_RECORDS SHOWN_.
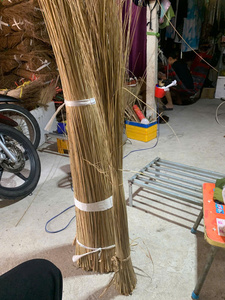 Venta al por mayor de palos de escoba de coco VIGI FARM de Vietnam, 24 meses de vida útil, limpios y secos, listos para la producción - Product Image 3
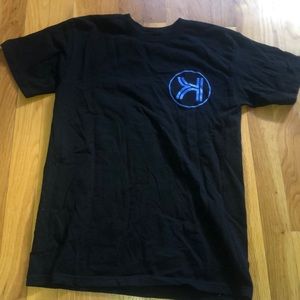 Black short sleeve with blue details!!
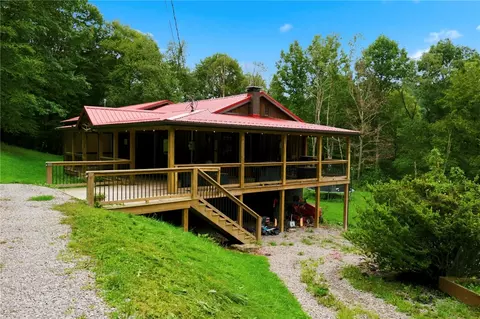 1393 Mateer Rd, Dayton, PA 16222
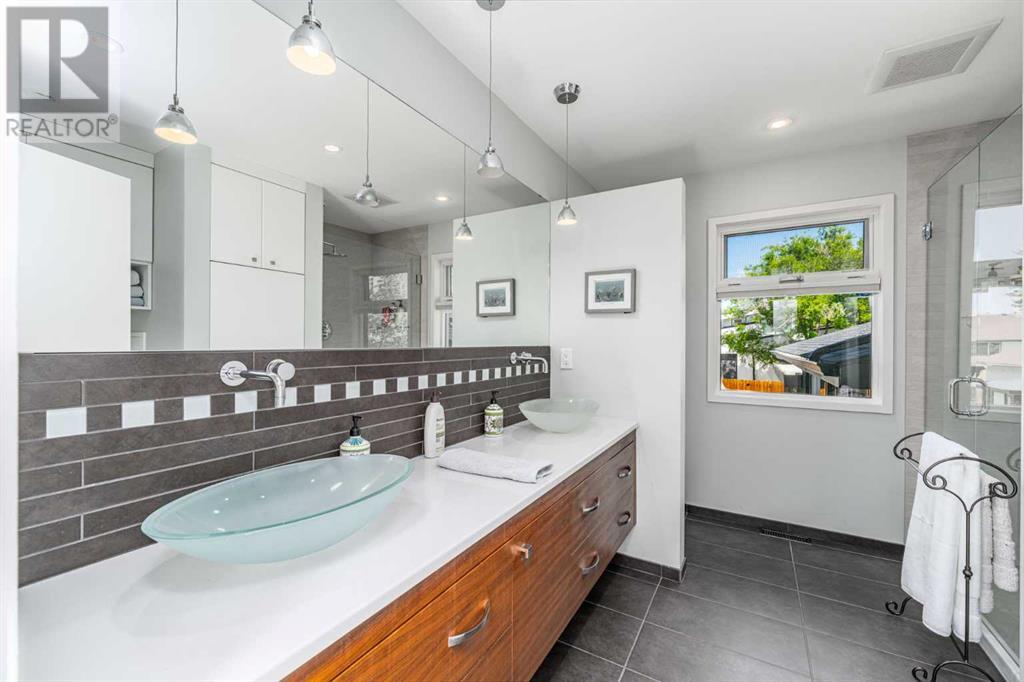 2604 11 Avenue NW, Calgary, Alberta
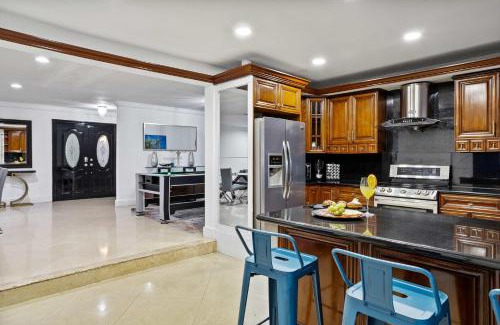 North Miami Beach House | Luxury Miami Villa: Heated Pool Near Aventura Mall
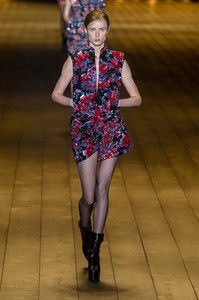 saint-laurent-rf18-1712.thumb.jpg.89e480eda116e74c4071bd70bf7f18a7.jpg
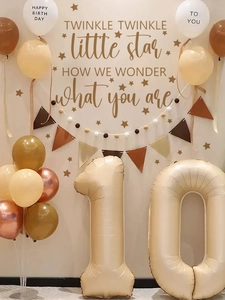 Detailliertes Set aus champagnergoldenen Nummer 10 Ballons mit braunem Sterndekor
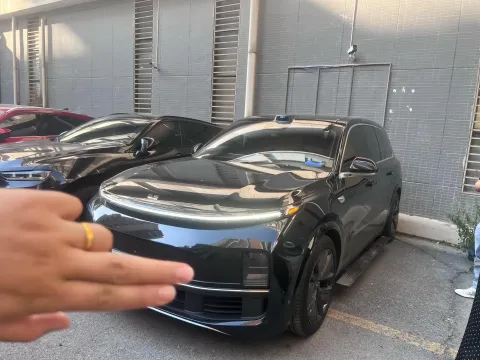 2022 LI L9,autocango,china used car exporter,china ev exporter,chinese used car exporter,chinese used ev exporter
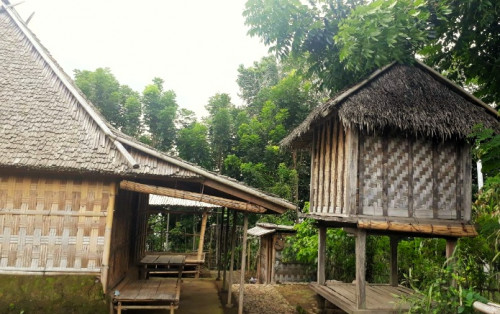 Menjelajahi Rumah Adat Suku Asli Bali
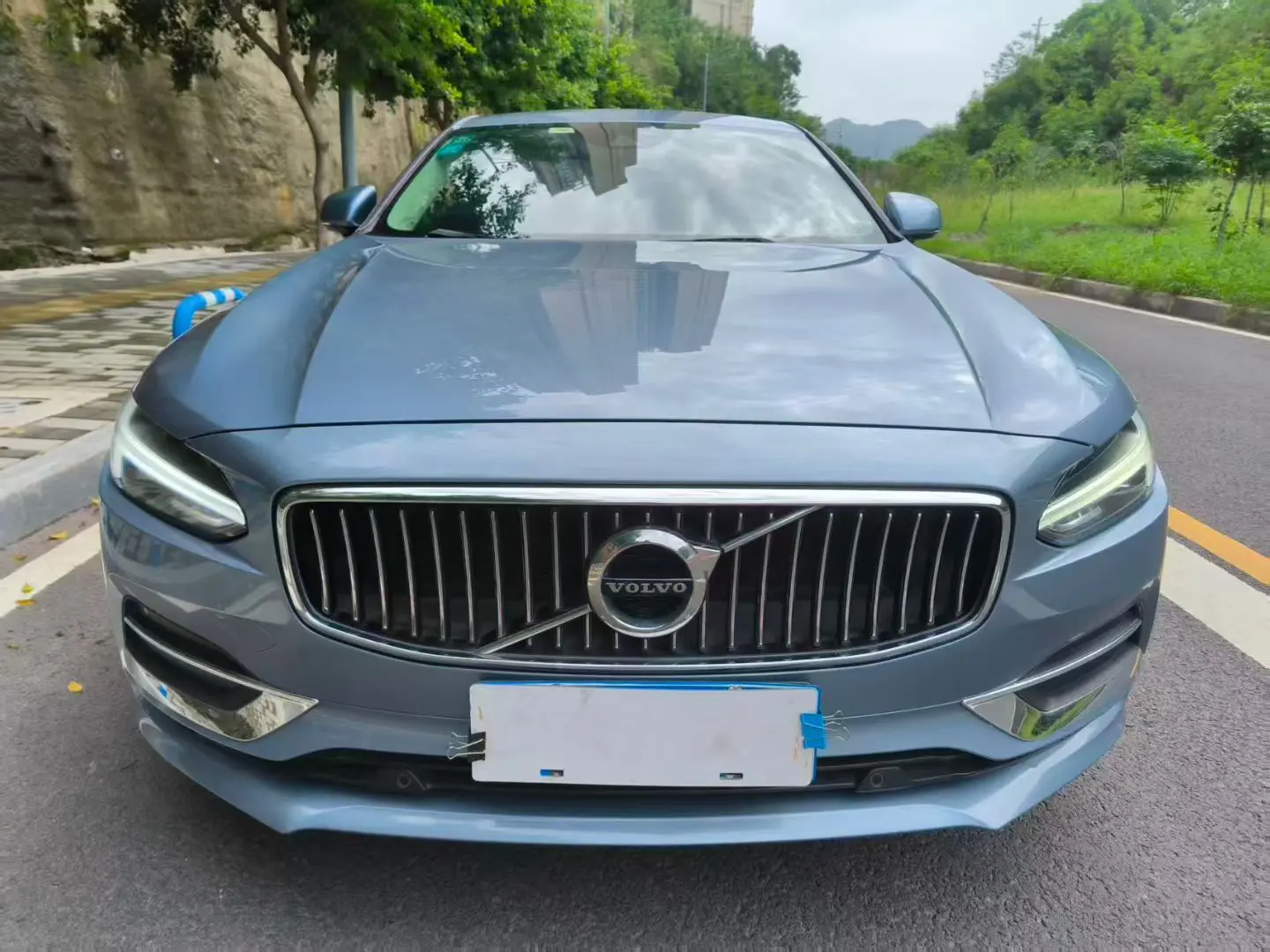 Volvo S90  из Китая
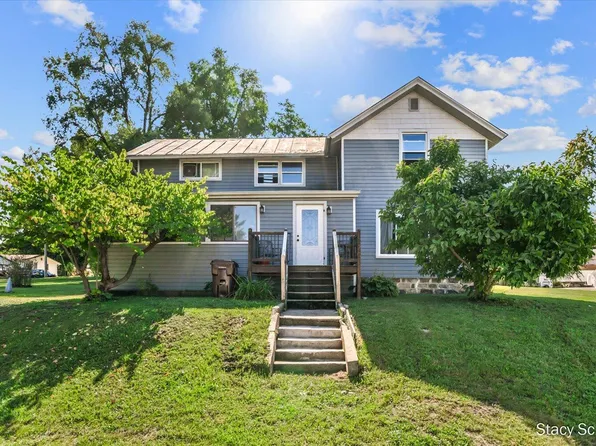 320 Division St, Freeport, MI 49325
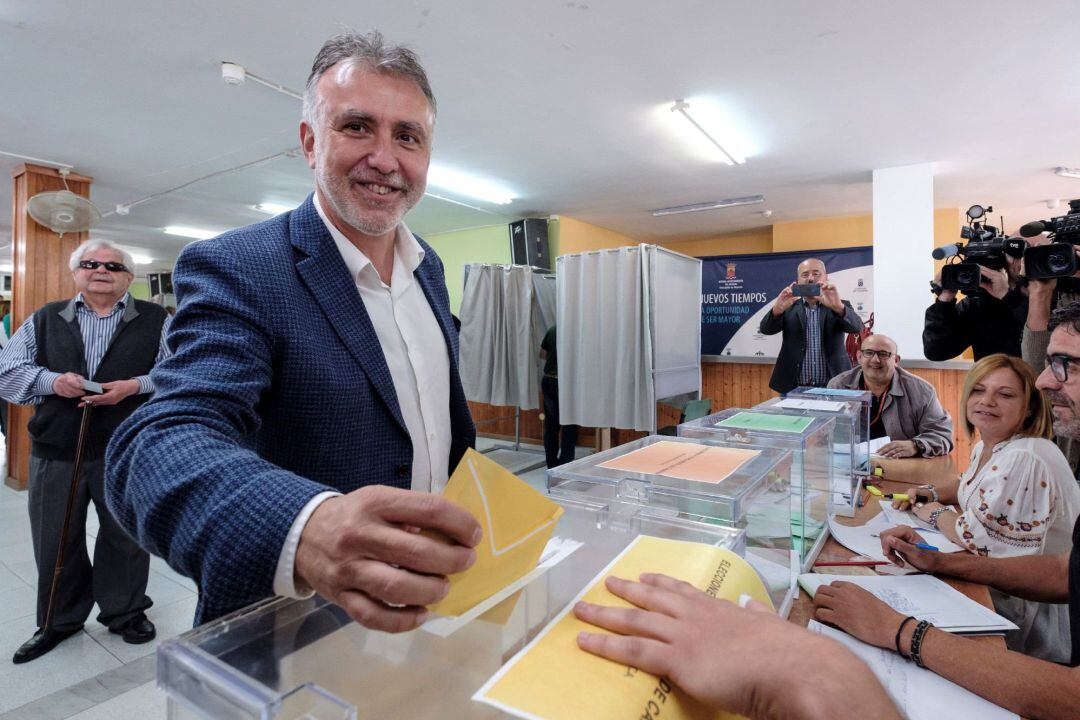 El secretario general del PSOE en Canarias y candidato a la Presidencia del Gobierno de Canarias, Ángel Víctor Torres.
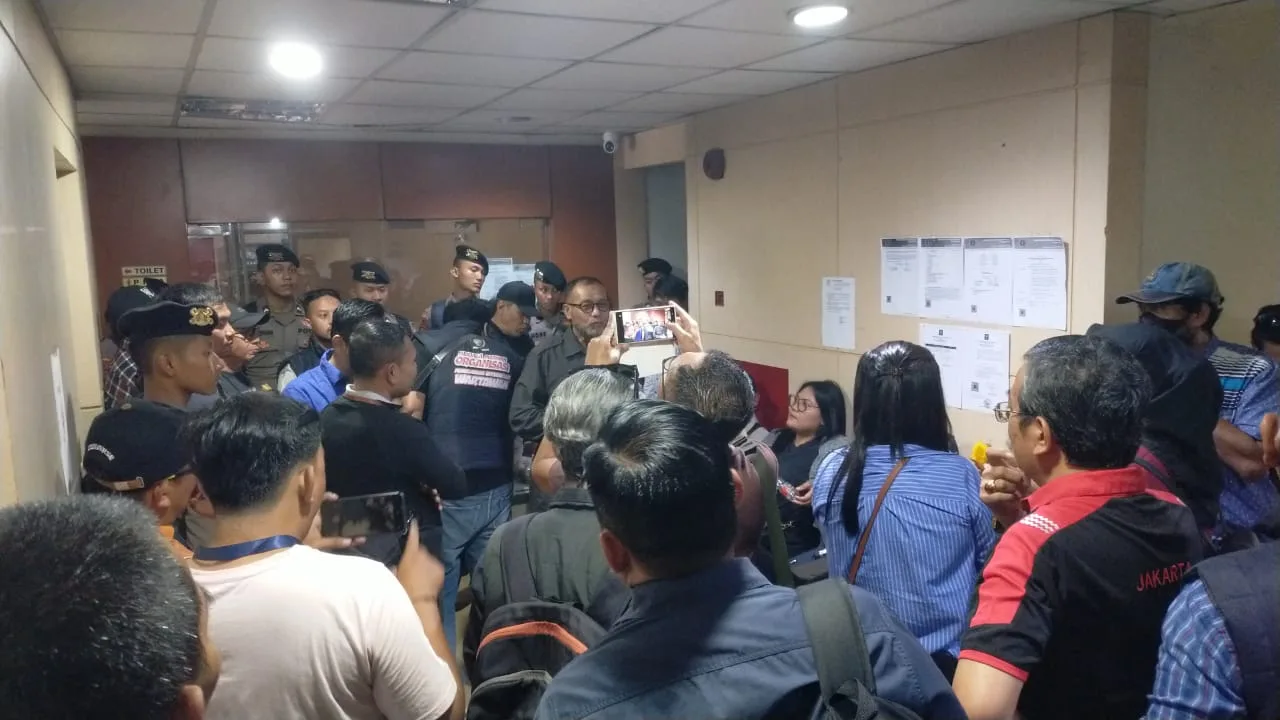 Puluhan Anggota PWI KLB Desak Pengosongan Kantor Pusat di Gedung Dewan Pers 2 IMG 20241001 WA0021 jpg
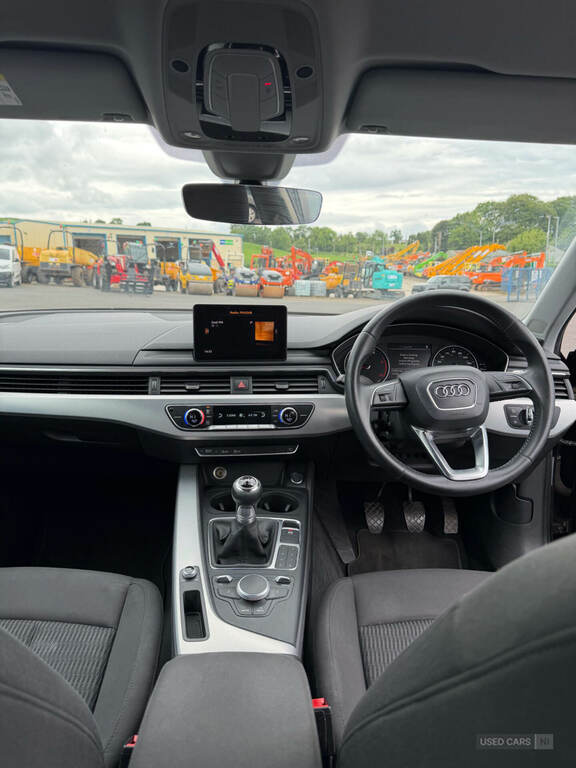 Audi A4 2.0 Tdi Ultra Se S Tronic Blue #5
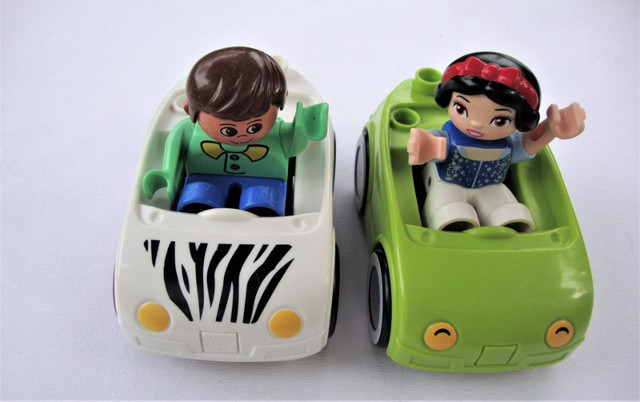 Collectible Lego Duplo Cars (2009) & 2 Minifigures in Toys & Games in Oshawa / Durham Region - Image 2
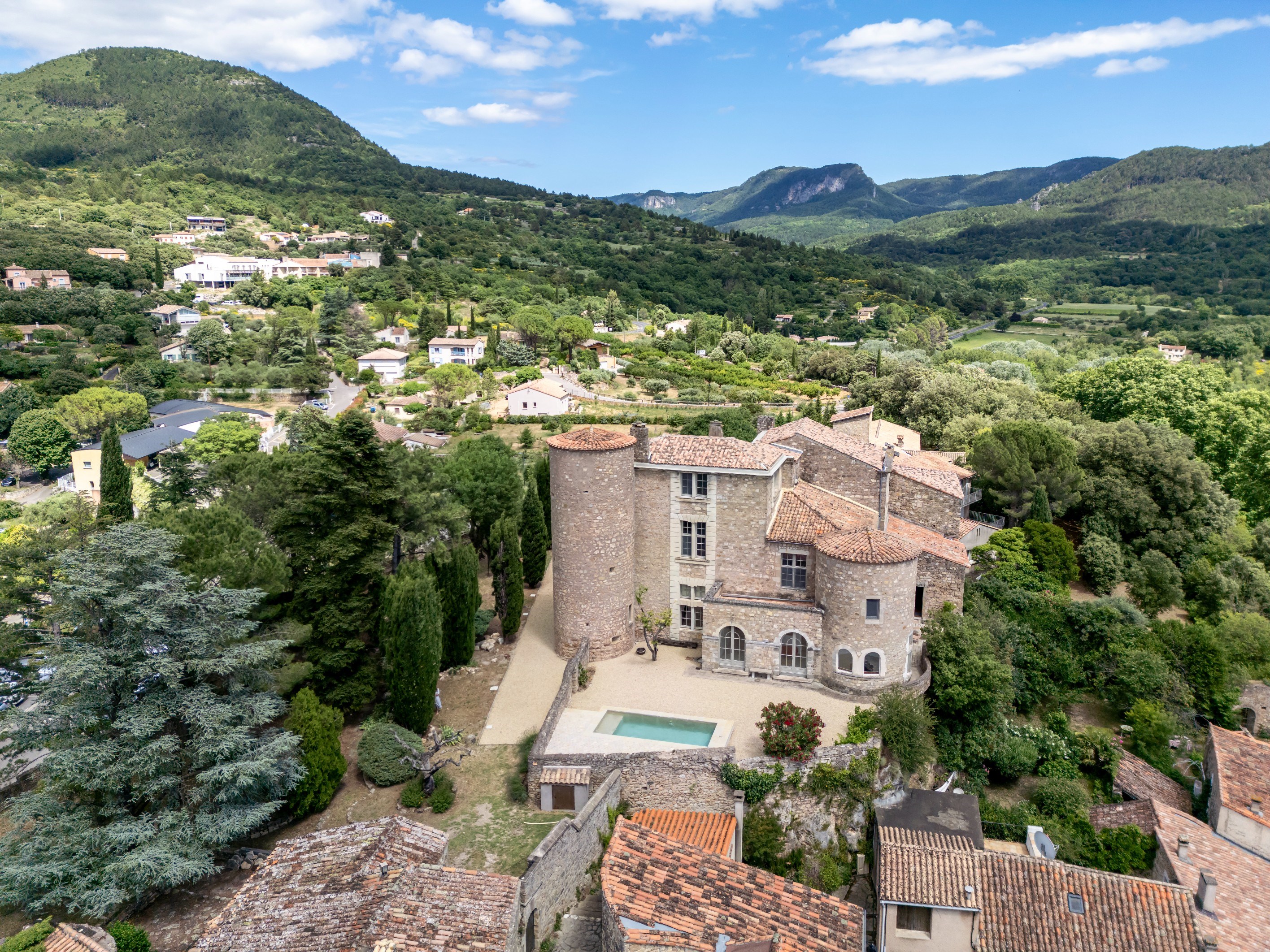  Château de Soubes from 11th Century Reimagined for Contemporary Living - 物件實景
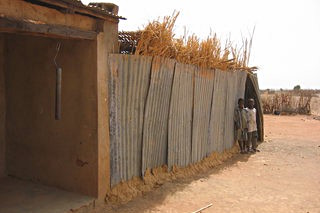 Schulerweiterung durch einen Wellbech-Schilf Anbau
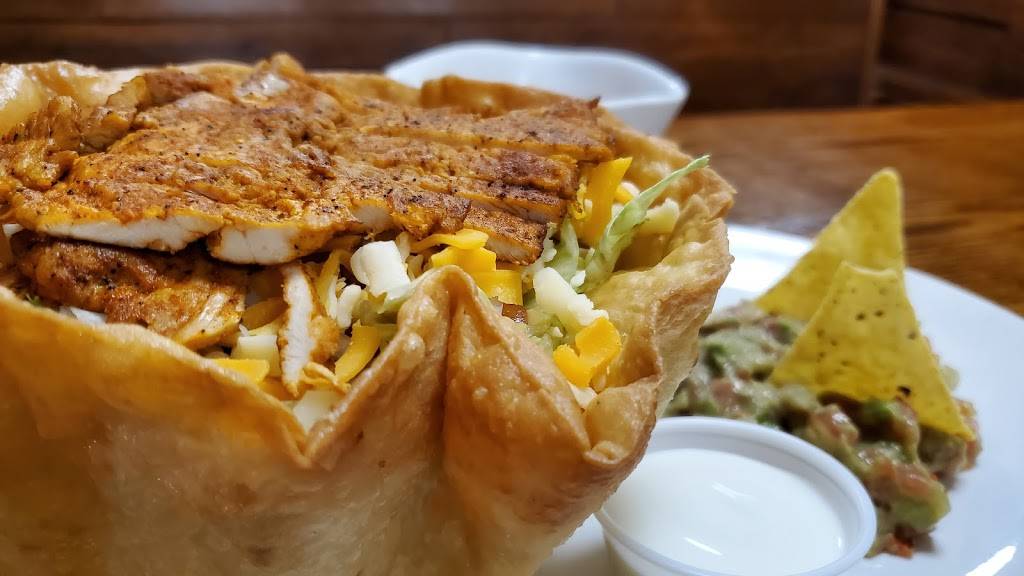 Amigas Bistro | restaurant | 32 Norfolk St S, Simcoe, ON N3Y 2V9, Canada | 5194281028 OR +1 519-428-1028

_TASK BRIEF_.
What is needed is every record above, restated word for word, with the pictures left out.

_TASK OUTPUT_.
 Venta al por mayor de palos de escoba de coco VIGI FARM de Vietnam, 24 meses de vida útil, limpios y secos, listos para la producción - Product Image 3
 Black short sleeve with blue details!!
 1393 Mateer Rd, Dayton, PA 16222
 2604 11 Avenue NW, Calgary, Alberta
 North Miami Beach House | Luxury Miami Villa: Heated Pool Near Aventura Mall
 saint-laurent-rf18-1712.thumb.jpg.89e480eda116e74c4071bd70bf7f18a7.jpg
 Detailliertes Set aus champagnergoldenen Nummer 10 Ballons mit braunem Sterndekor
 2022 LI L9,autocango,china used car exporter,china ev exporter,chinese used car exporter,chinese used ev exporter
 Menjelajahi Rumah Adat Suku Asli Bali
 Volvo S90  из Китая
 320 Division St, Freeport, MI 49325
 El secretario general del PSOE en Canarias y candidato a la Presidencia del Gobierno de Canarias, Ángel Víctor Torres.
 Puluhan Anggota PWI KLB Desak Pengosongan Kantor Pusat di Gedung Dewan Pers 2 IMG 20241001 WA0021 jpg
 Audi A4 2.0 Tdi Ultra Se S Tronic Blue #5
 Collectible Lego Duplo Cars (2009) & 2 Minifigures in Toys & Games in Oshawa / Durham Region - Image 2
  Château de Soubes from 11th Century Reimagined for Contemporary Living - 物件實景
 Schulerweiterung durch einen Wellbech-Schilf Anbau
 Amigas Bistro | restaurant | 32 Norfolk St S, Simcoe, ON N3Y 2V9, Canada | 5194281028 OR +1 519-428-1028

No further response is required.